The Bureau of Labour Statistics will release the April jobs report on Friday.
Here’s what Wall Street is expecting, via Bloomberg:
- Nonfarm payrolls:+200,000
- Unemployment rate: 4.9%
- Average hourly earnings month-on-month: +0.3%
- Average hourly earnings year-on-year: +2.4%
- Average weekly hours worked: 34.5
The forecast for headline job gains is right where economists obsessed about just a few months ago. Anything below 200,000 was troubling.
“As we approach full employment, the monthly job growth of 200,000 may not be sustained,” Marc Chandler, global head of currency strategy at Brown Brothers Harriman, told Business Insider.
“But this isn’t a problem.”
To put things in perspective, we haven’t seen negative employment growth for 65 straight months.
And for April, indications of another robust month of job gains can be found in the second-straight rise of the ISM’s non-manufacturing employment index, and the fact that initial jobless claims fell to the lowest level since 1973.
So rather than obsess over the headline, economists have recently turned their attention to other things.
The labour-force participation rate has unexpectedly crept higher since late last year.
It’s been driven by demographics and the availability of jobs.
People born in the 1940s — so-called baby boomers — have hit their prime retirement age.
Additionally, the near-record level of job openings is “pulling back into the labour force some workers who are right on the edge,” said Glassdoor chief economist Andrew Chamberlain.
But he’s seeing a yellow warning light on the tech sector, which was volatile in April after a slew of weak earnings. Even before that, there had been uncertainty in Silicon Valley that prompted some companies to reconsider their hiring plans.
Economy-wide, discouraged workers would change their minds faster if wages start to grow.
Slow wage growth has been one of the biggest laggards of the labour-market’s recovery, and wage growth is the one thing everyone, from the average consumer to the Federal Reserve, needs right now.
Chamberlain forecasts that average hourly earnings grew 2.6% year-on-year, which is more than the consensus. He said it’s puzzling that wage growth has been so slow, although it has trended upwards since early last year.
Torsten Sløk, Deutsche Bank’s chief international economist, pointed out a calendar quirk that could push the wage-growth data higher for April.
The Bureau of Labour Statistics surveys for the jobs report during the week of the 12th of every month.

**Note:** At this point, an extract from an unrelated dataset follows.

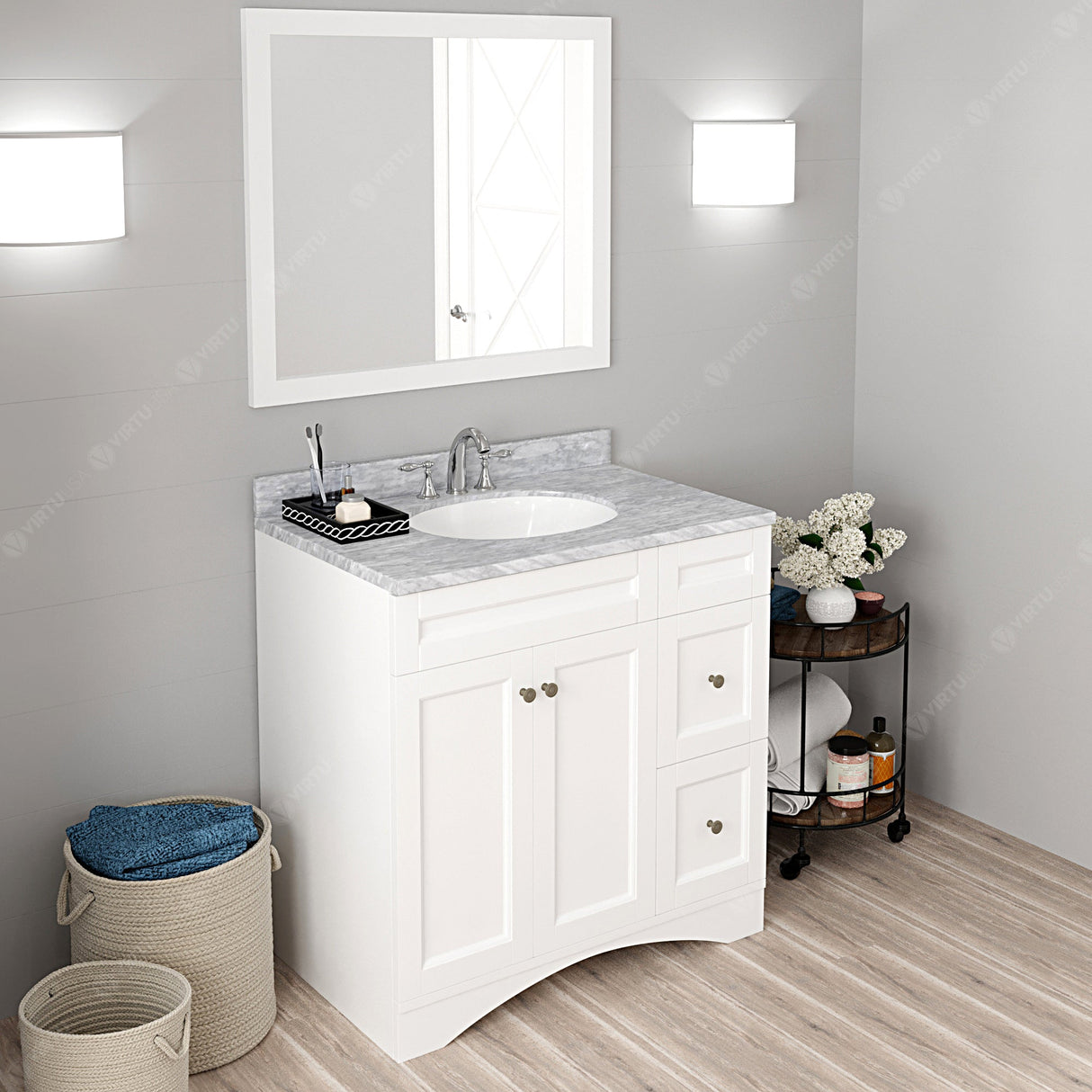 Virtu USA Elise 36" Single Bath Vanity with White Marble Top and Round Sink with Matching Mirror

Payday for is on the 15th for those paid bi-weekly.
So when, like April, the 12th is early in the week and not at the end, more employers are likely to include the bi-weekly pay in the survey.
Calendar effect or not, higher wages are something the Federal Reserve would welcome.
It would give them more confidence in their 2% inflation target, and suggest that consumer spending will continue to drive economic growth.
And for Marc Chandler, this is about the only thing that matters to the Fed right now in the labour market. The strong pace of job gains and the drop in the unemployment rate have not moved the needle on raising interest rates.
“Another 200k increase in nonfarm payrolls is not a game-changer” for the Fed, Chandler wrote in a note. “The issue is not jobs or income; it is consumption and investment.”